Phlegmings

Everything About Fiction You Never Wanted to Know.
Oral hygiene is for wimps!

In comic books and animated works, one way to demonstrate that a character is a no-nonsense Badass or creepy is to show them with strands of saliva, phlegm, drool, or some other mucus dangling between their teeth. Popularized by the various Rob Liefeld clones during the Dark Age of comics, but examples predate that period.

This occurs because drooling and oral messiness tends to invoke a Squick response in many people, making phlegmings a convenient visual shortcut for invoking Primal Fear. For instance, it may show anticipation of a good meal (e.g., the heroes/villains) in predator characters. Or it may be a sign of disease, like rabies (where one of the telltale symptoms of the disease are dense, foamy Phlegmings - if you see these in Real Life, run.)

In comic book images like the one shown, a saliva trail between upper and lower jaws works as a visual shorthand, indicating that the mouth has just now been opened (since such trails would be expected to disappear after a moment). Thus their use helps create a feeling of immediacy, that what you're seeing is a "snapshot" rather than a posed image.

A common trope for characters with More Teeth Than the Osmond Family. Contrast with Gonk, the blatant uglification of a character.

Cookie for you if you thought this was a trope about snot-based videogame enemies; it is also not likely that a Phlegming is the 'phlegmatic' member of a Four-Temperament Ensemble.

Trope originally identified by the HeroMachine blog.

Not to be confused with the author of the original James Bond books.
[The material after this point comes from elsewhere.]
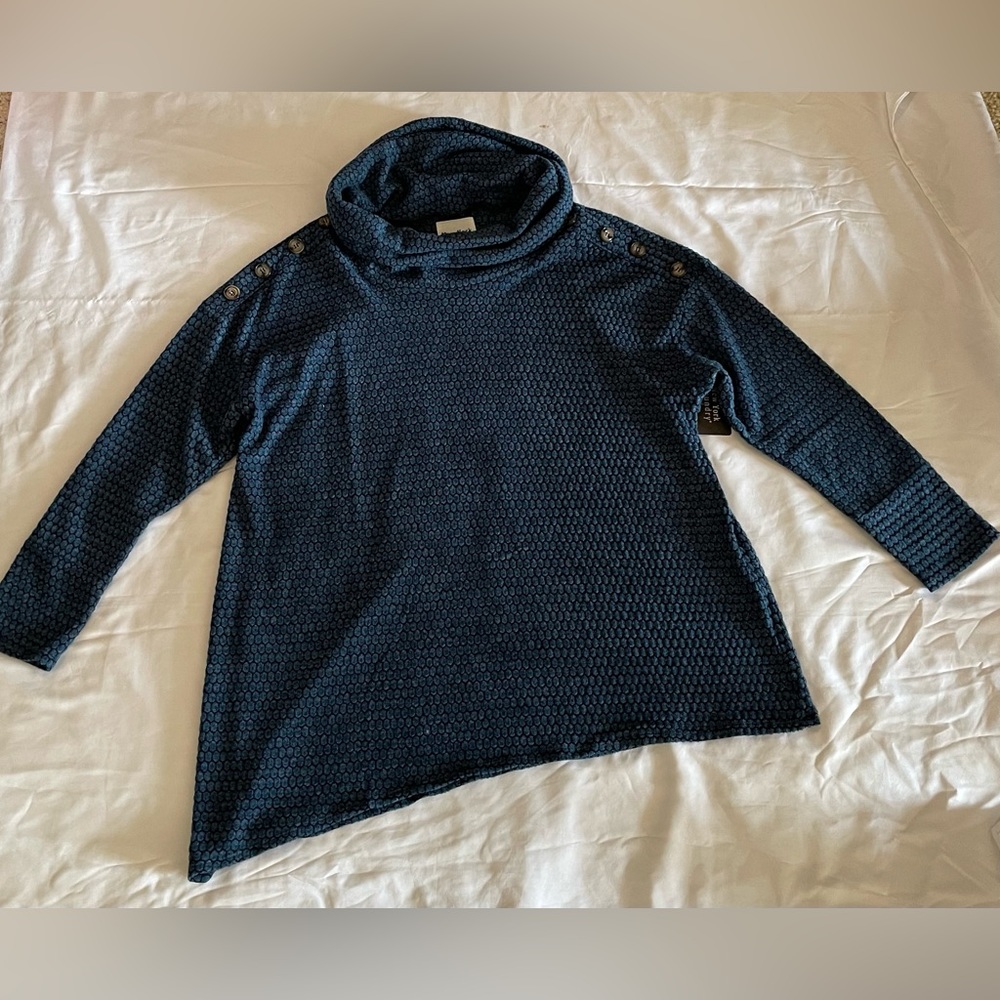 Blue Turtleneck Textered Fleece Sweater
Examples of Phlegmings include:

Anime and Manga

Comic Books

  • The trope illustration is from the cover of The Pitt #2.
  • Spider-Man's collection of symbiote villains (Venom, Carnage, et al.) have this in spades.
  • Modern artists draw The Incredible Hulk with this.
  • When Wolverine goes into a berserker rage, he often has either this or flying spittle.
  • The horror hosts of EC Comics were big on this.
    • EC artist Graham "Ghastly" Ingels was particularly fond of them, as is his Spiritual Successor Berni Wrightson.
  • The brilliant but obscure graphic novel Age of Reptiles has every character displaying this trope all the time. Partially justified in that the characters are dinosaurs.
  • The Brood from the X-Men comics. Not surprising, since they were expys for the Alien xenomorphs.
  • Quite common with the Sith in Star Wars Legacy. Protagonist Cade will get this too at the times he's leaning more towards the dark.

Film

  • The title monsters in the Alien series often had mucus dripping from their teeth/mouths.
    • As well as a serious drool problem, makes you wonder what would happen if they were hatched from Labradors.
  • Every monster in From Beyond, but particularly the bat creature at the end.
  • Brundlefly excretes a sticky white liquid constantly, which he uses to dissolve and digest his food.
  • The Penguin from the Darker and Edgier Tim Burton sequel to Batman, Batman Returns, has a perpetual trickle of an oil-like bile running down his chin.
    • Actually, Danny DeVito was just so bombastic in his performance that he was constantly spitting-it's his makeup running, which actually works insofar as it illustrates that whatever illusions of apparent class he presents he's still kind of a psycho.
  • The creators of Tremors initially avoided this trope, in order to set their movie apart from the dark, dripping world of Alien, but realised upon watching the rushes that the Graboids didn't look real enough without it.
  • In the first Shrek movie, the title character lets out a blood-curdling roar that shows off just how good the computers were at rendering flying spittle. Several members of the angry mob have slimy faces in the next shot.
  • Stanley Kubrick loved this trope.
  • The Kraken from the second Pirates of the Caribbean movie takes this to an (intentionally) absurd level.
  • The killer in The Funhouse is constantly drooling due to his deformed features.
  • Featured in In the Mouth of Madness.
  • In Return of the Living Dead, when Freddy finally succumbs to the zombie hunger he starts foaming at the mouth like he's chewing on Alka-Seltzer.
  • Jay from Home Sweet Home.
  • Victor Crowley in Hatchet.
  • The sea monsters in Deep Rising.

Live-Action TV

Music

Video Games

Web Comics

  • R. L. from Kevin and Kell. His drooling jaws are almost all we ever see of him.

Web Original

  • The Heromachine blog had a character creation contest based on "The Image Nineties". Lots of contestants gave their entries Phlegmings.